L'exagération s'apprécie du point de vue des
intérêts des héritiers : elle suppose que trop d'argent ait
été, par le canal de l'assurance vie mis hors d'atteinte du
rapport ou de la réduction. Autrement dit, l'assurance vie permet de
rompre l'égalité, que sanctionne le rapport, ou d'éluder
la réserve, que sanctionne la réduction, pourvu que ce soit avec
modération. L'appréciation de l'exagération au jour du
versement ne paraît pas non plus rassurant. Moyennant quoi, si le
souscripteur, riche au moment où il a souscrit, meurt ruiné, les
enfants ne pourront invoquer ni rapport ni atteinte à leur
réserve.
Soyons clair, insiste Grimadi : il ne s'agit pas ici de
dénoncer le risque d'un arbitraire judiciaire, mais de déplorer
l'intrusion d'une sorte de principe de proportionnalité dans un domaine,
celui du règlement successoral, où il n'a pas sa place. Là
où les conflits naissent et s'apaisent rarement, il n'est pas bon que
les droits de chacun dépendent de la mise en oeuvre d'une notion aussi
imprécise - comme le dit la Cour d'arbitrage de Belgique dans son
arrêt du 26 mai 1999 - que celles des primes manifestement
exagérées eu égard aux facultés du souscripteur.
Enfin, ce qui vient d'être jugé sur le terrain
successoral a-t-il quelque portée sur le terrain des régimes
matrimoniaux ? Les arrêts rendus en chambre mixte remettent-ils en cause
la célèbre jurisprudence Praslicka, suivant laquelle si
un contrat d'assurance vie souscrit par un époux commun en biens au
moyen des deniers communs est en cours lors de la dissolution du régime,
sa valeur de rachat figure à l'actif de la communauté ?
Critiquée sur le fondement de l'article L. 132-16 du Code des
assurances, la jurisprudence Praslicka semble conserver toute sa
valeur. Car il ne suffit pas de remettre à un assureur des deniers
communs pour que, par l'effet d'une étrange alchimie, les deniers qu'il
vous rend soient les propres, ainsi conclut Grimaldi.
Qu'en est-il de la jurisprudence d'après
requalification ?
B/ La jurisprudence et l'après requalification.
Les arrêts rendus par la Chambre mixte de la Cour de
cassation en date du 23 novembre 2004 mériteraient l'appellation
d'arrêts de principe.

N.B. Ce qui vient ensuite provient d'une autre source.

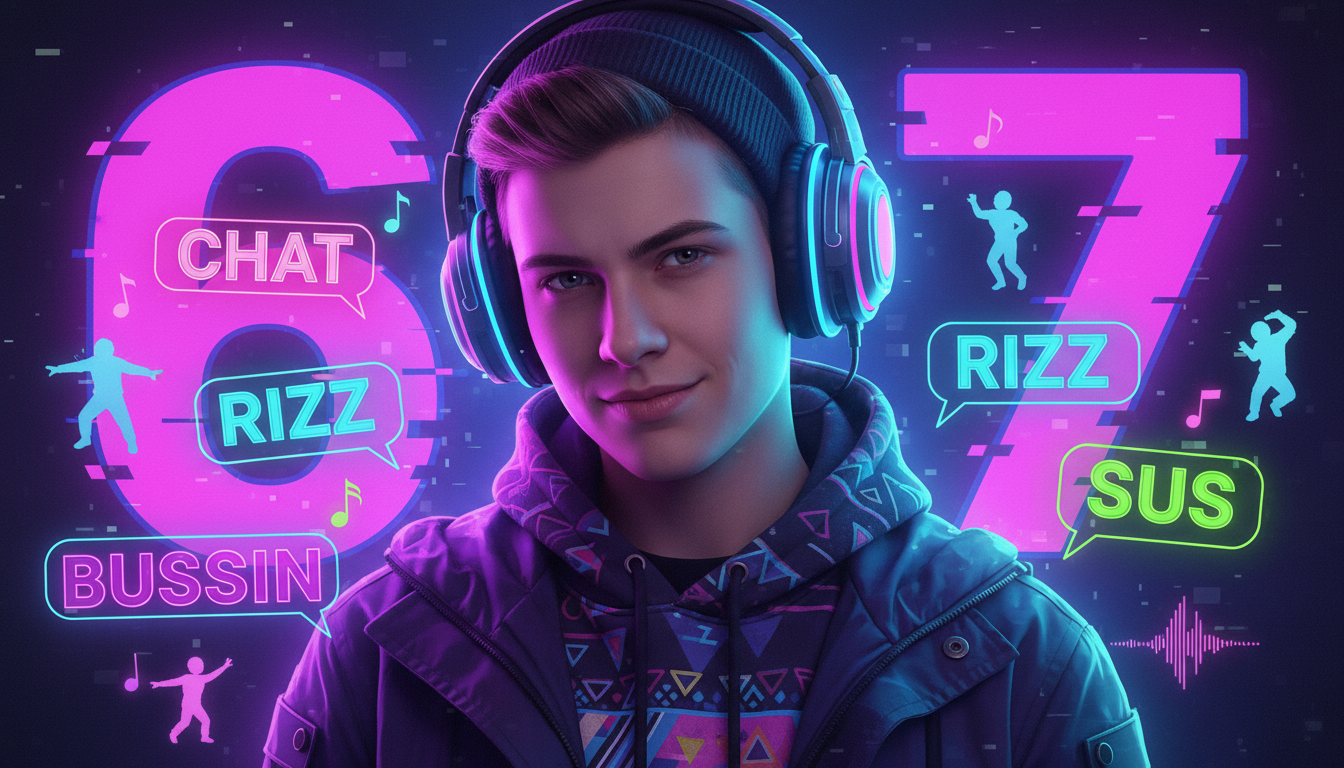 How the Gen Z Stare and '6 7' Trend Broke TikTok in 2025-2026?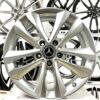 Jante Mercedes C klasse, E klasse, M klasse, CLA, GLA, GLB, GLK, 17”, originale, noi - imagine 7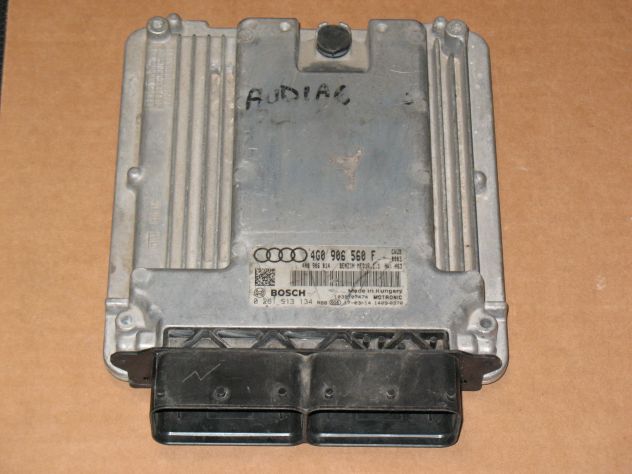 4G0906560F 0261S13134 ECU CENTRALINA AUDI RS6 RS7 CWUB 4.0 MED17.1.1 HW:H63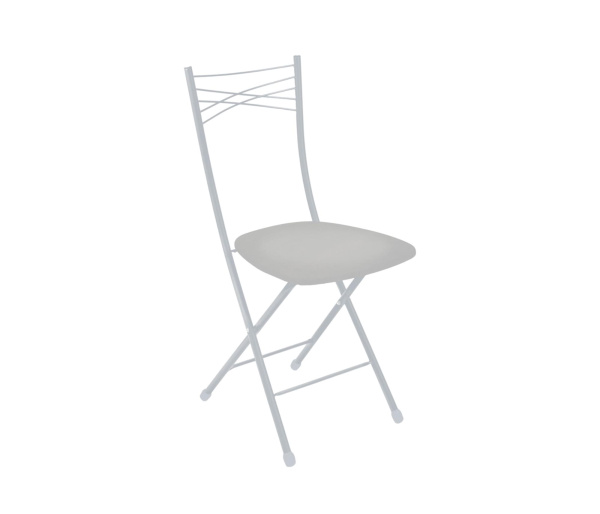 Стул складной "Ника 1" ССН1 1/12 (Светло-серый/матовый серый)
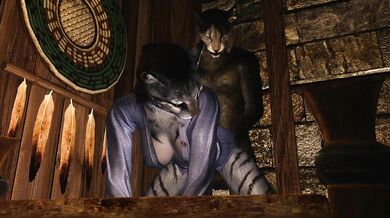 - The Sexual Education of a Young Khajiit by Kharjo the Merchant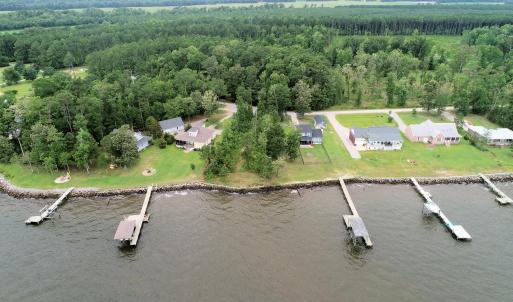 Drone Lot from River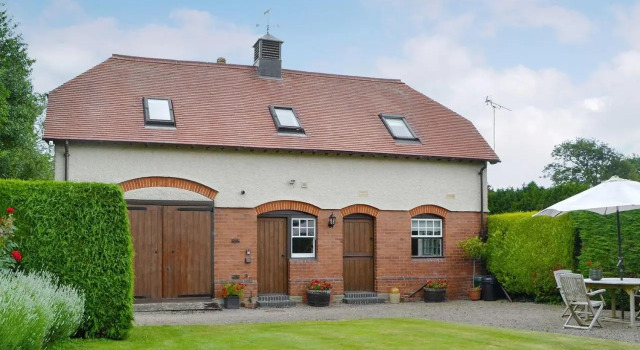 The Stables, Rezervați Apartament Eardisland Herefordshire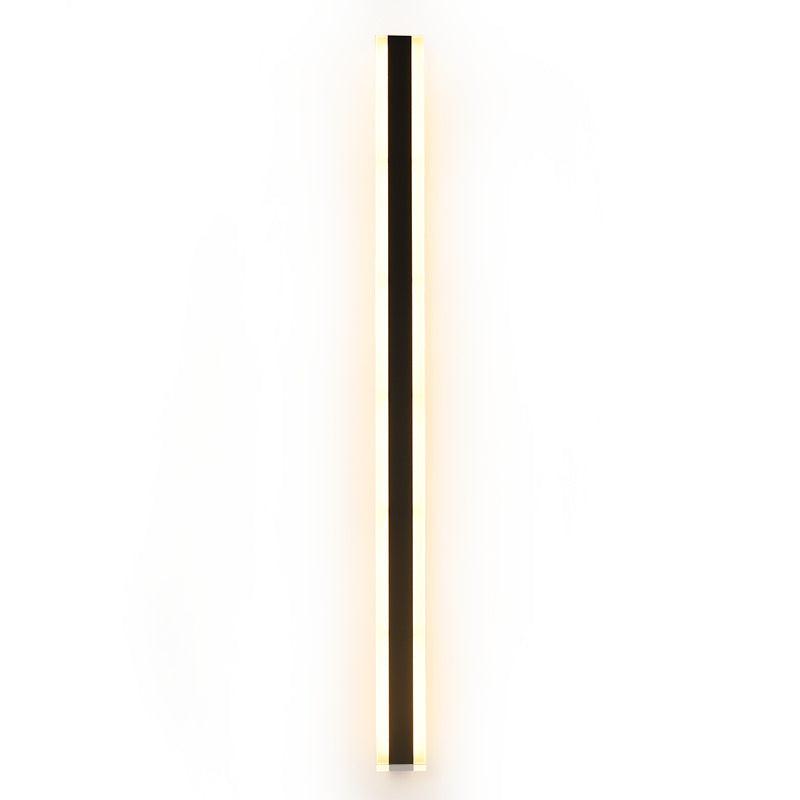 Minimalist long led wall lamp.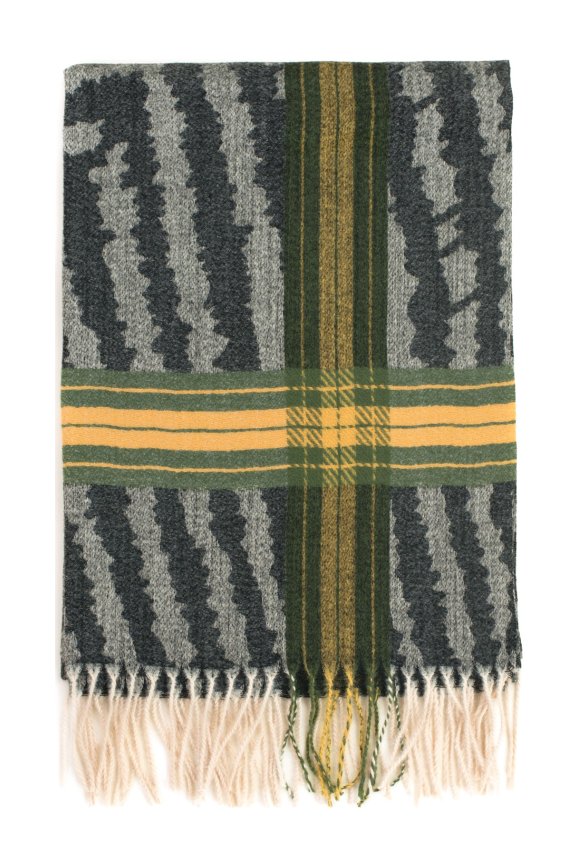 Szal Pręgowana Jesień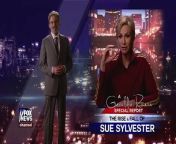 Hard hitting journalist Geraldo Rivera sits down with Sue to get her take on the &#92;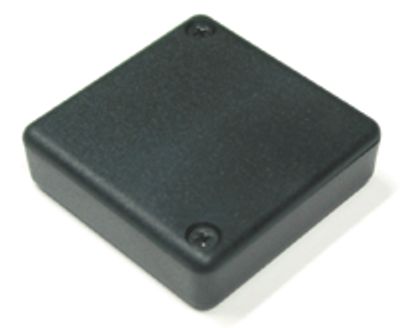 Muovikotelo 50x50x15mm musta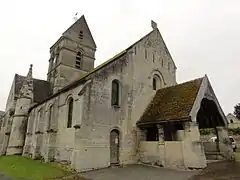 Église Saint-Maurice.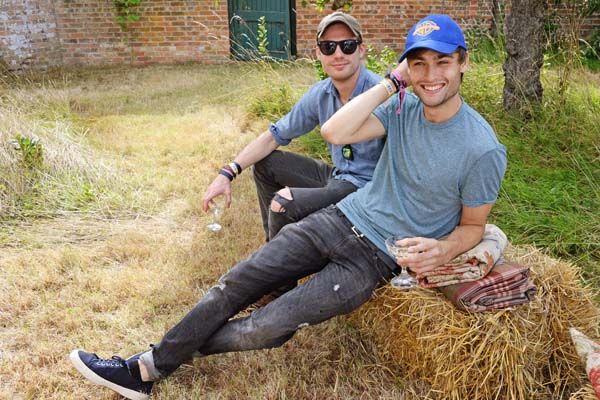 Sam Reid and Douglas Booth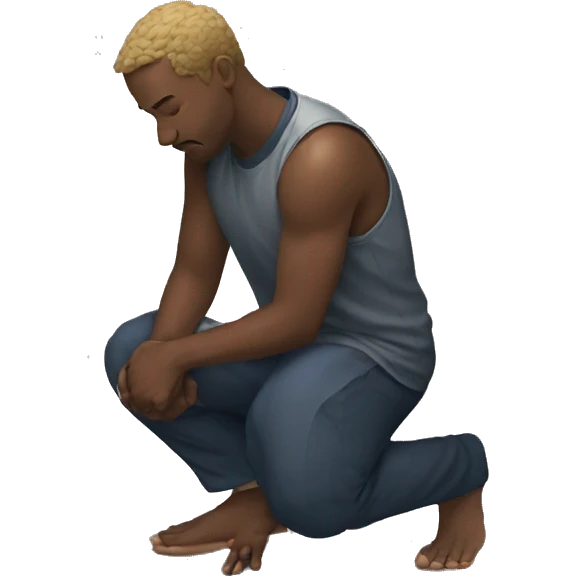 kneeling emoji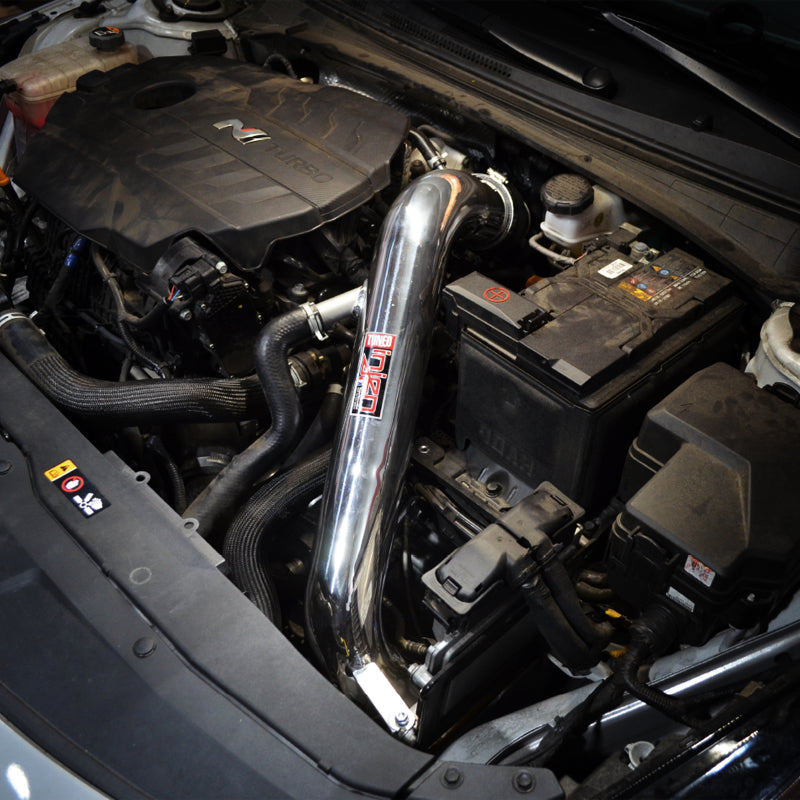 Injen 22-23 Hyundai Elantra N L4-2.0L Turbo Cold Air Intake Wrinkle Red Cold Air Intakes Injen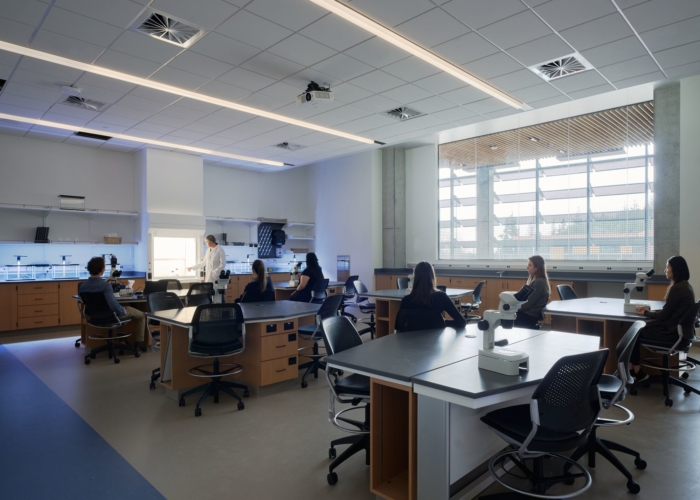 Western Washington University - Interdisciplinary Science Building - 0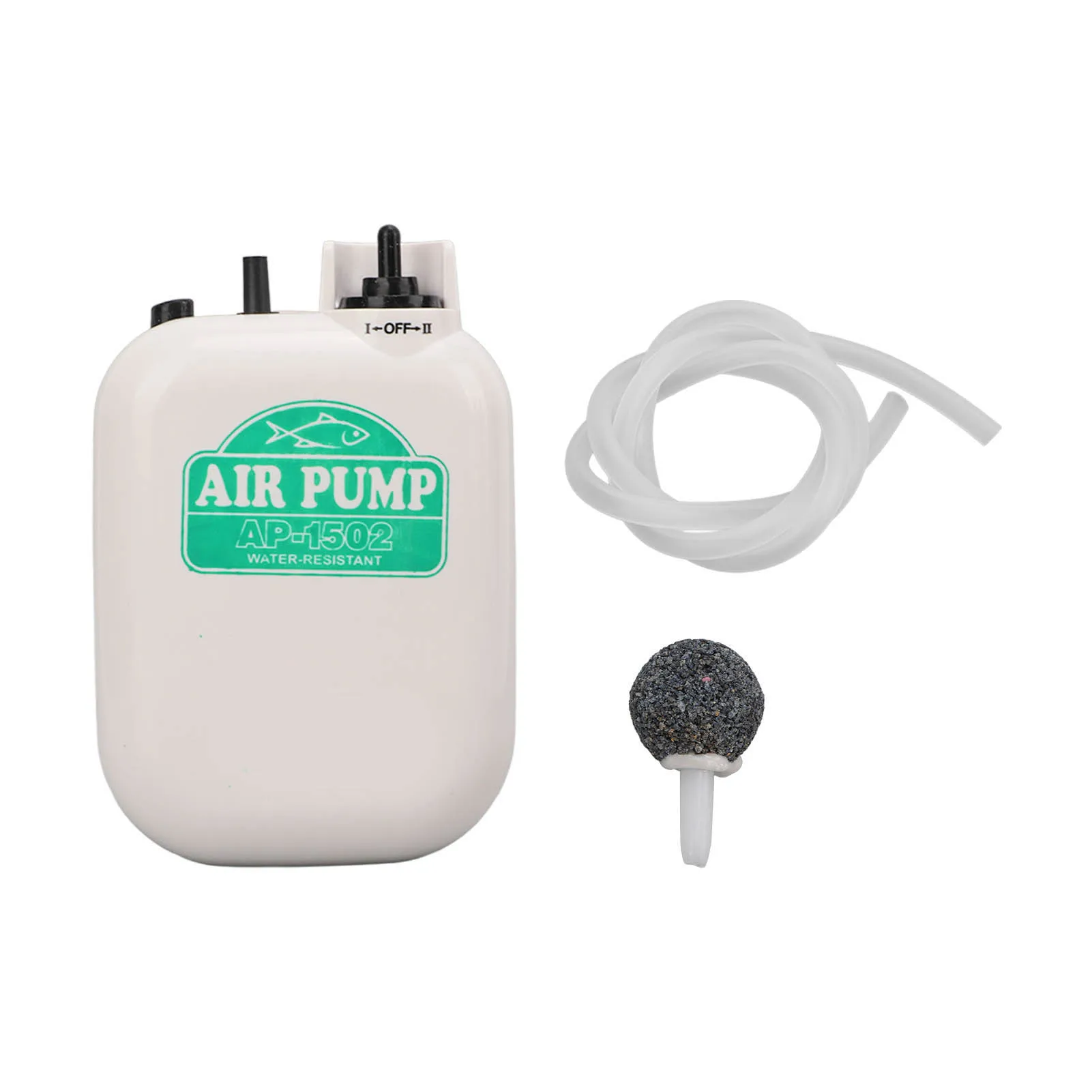 Fish Pump Aquarium with Stone Tube Quiet Battery Powered Portable Small Size Aerator for Outdoor 1005008883309074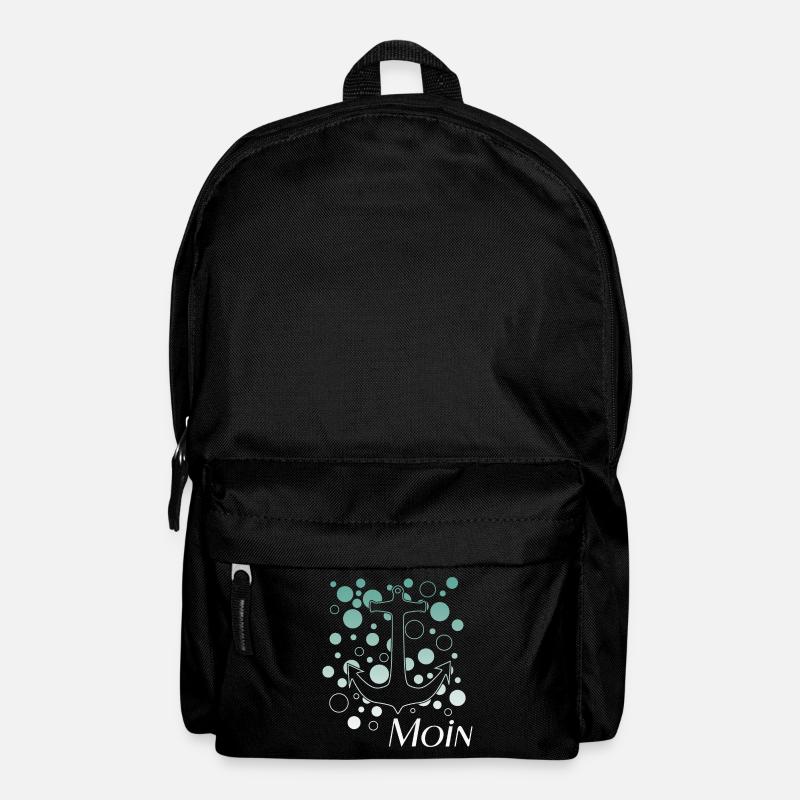 Moin - Rucksack - Schwarz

Il s'agit des premiers arrêts rendus par la
Cour de cassation sur cette question débattue depuis plus d'une dizaine
d'années, tant sur le plan doctrinal que judiciaire.
Dans ces arrêts, la Cour donne une définition de
l'aléa en assurance vie: "le contrat d'assurance dont les effets
dépendent de la durée de la vie humaine comporte un aléa
... et constitue un contrat d'assurance sur la vie". La Cour de cassation
affirme ainsi son rôle normatif sur le contrôle de la notion
d'aléa, essence même du contrat d'assurance. Elle précise
par ailleurs, la règle des primes manifestement exagérées
eu égard aux facultés du souscripteur, c'est donc pour la
première fois que la Cour précise à quel moment il faut se
placer pour apprécier le caractère manifestement
exagéré des primes versées exerçant ainsi un
contrôle de la notion de primes manifestement exagérées.
Ainsi, le Rapport annuel de la Cour de cassation pour 2004, précise que
c'est dès la souscription du contrat qu'il a été
décidé par la Cour d'apprécier l'existence de
l'aléa et non au dénouement du contrat comme l'a fait le Conseil
d'Etat dans une décision rendue le 19 novembre 2004 où il a
requalifié un contrat d'assurance vie en donation.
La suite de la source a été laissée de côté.